2. When human capital is low, increasing democracy does not bring increasing social good.

This is precisely India’s problem.

This area is at a cusp of development. The village that I live in is not wrestling with poverty, and neither is it surviving hand-to-mouth. There are problems with finances, but those are caused by another equally insidious breed of social problems. Public works and services are a little shaky, and living conditions are not five-star, but there is enough to eat and drink and most people sleep with roofs over their heads.

Families and communities are looking for the next step. Village folk are putting their children on buses and bicycles to send them to school. Sometimes, I’m filled with optimism when I think about the potential for development, and filled with joy when I take the five thirty bus from the lab, half full of children in their tan-and-brown school uniforms, or walk past the bus stop by the temple, a sea of students.

And then, I heard that some minister was visiting a neighbouring village to distribute free televisions and my gall bladder jumped into my throat. First, these people do not need televisions as much as they need more schools with reliable teachers, drains that are not filled with waste water so foul mosquitoes refuse to breed in them. They need shoes on their feet. They need clean streets and the information and interest not to litter, or let their children and cows use the street as their toilet. They need electricity that does not come and go as it damn well pleases.

Fat lot of good a TV does if you can’t watch it.

Every day I walk past a house and watch a very young girl help her family collect water in the morning, wearing her school uniform and solemn face, and do housework in the evening (the only one I never see with an open book). She does not need a television. She needs time to do her homework.

Of course, (and absolutely to no fault of theirs) if these village folk were better educated, more aware and certain about the roles and responsibilities of government – if human capital was higher – they would have saw straight though this blatant appeasement and purchase of favour by distribution of a crack-good like television.

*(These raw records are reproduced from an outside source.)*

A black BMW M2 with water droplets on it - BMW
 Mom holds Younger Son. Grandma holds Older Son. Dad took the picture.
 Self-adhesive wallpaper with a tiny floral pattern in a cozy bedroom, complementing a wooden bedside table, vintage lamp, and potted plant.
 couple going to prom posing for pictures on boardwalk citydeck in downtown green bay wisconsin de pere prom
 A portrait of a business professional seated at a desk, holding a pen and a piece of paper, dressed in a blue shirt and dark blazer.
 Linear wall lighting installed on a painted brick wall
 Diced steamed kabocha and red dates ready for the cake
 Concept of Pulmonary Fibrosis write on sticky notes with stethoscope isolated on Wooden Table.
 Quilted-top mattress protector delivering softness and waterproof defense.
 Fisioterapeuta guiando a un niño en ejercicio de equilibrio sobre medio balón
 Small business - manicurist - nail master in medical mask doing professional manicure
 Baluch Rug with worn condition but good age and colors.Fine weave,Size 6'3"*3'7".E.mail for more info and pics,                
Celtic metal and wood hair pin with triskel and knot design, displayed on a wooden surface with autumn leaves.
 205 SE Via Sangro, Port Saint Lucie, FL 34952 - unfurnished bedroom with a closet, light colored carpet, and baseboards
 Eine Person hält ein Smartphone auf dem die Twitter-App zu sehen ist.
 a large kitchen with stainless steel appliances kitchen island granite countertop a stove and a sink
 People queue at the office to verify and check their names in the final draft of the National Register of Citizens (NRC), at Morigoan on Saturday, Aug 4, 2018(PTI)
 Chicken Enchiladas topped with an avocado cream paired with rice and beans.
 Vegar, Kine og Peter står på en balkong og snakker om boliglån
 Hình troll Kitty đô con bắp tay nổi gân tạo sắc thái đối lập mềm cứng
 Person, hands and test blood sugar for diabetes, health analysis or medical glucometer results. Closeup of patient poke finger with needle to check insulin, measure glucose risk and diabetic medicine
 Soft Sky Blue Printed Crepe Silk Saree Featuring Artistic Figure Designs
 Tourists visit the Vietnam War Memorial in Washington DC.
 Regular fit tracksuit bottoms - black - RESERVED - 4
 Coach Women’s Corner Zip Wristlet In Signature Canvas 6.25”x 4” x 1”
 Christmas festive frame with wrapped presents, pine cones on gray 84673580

Yes, I’m biased against television, and I won’t argue that each household deserves to watch if they want to, but there are more pressing problems that TV only serves to distract them from, that can be identified without embarking on a philosophical debate about quality of life, and television.

--- Begin ramble proper:

I do believe that diversity in politics is a good thing because choice is important in government, but the way they are ruthlessly vying for popularity with a public that is not well equipped to choose will not lead this country anywhere. Not to mention plain bad policy: the glut of public ministries - sixty three of them. And the bloated civil service - 21 million out of 35 in the formal economy in the 450 million strong work force - (practically) none of which can be demoted or sacked under the constitution.

The methods these parties choose tend not to weed out weak and unsuitable ones but breed unproductive competition. In the cities, where people beg, and people do sleep in the streets, do live from hand to mouth, trying anything at all to make a rupee, every wall is plastered with political campaign propaganda.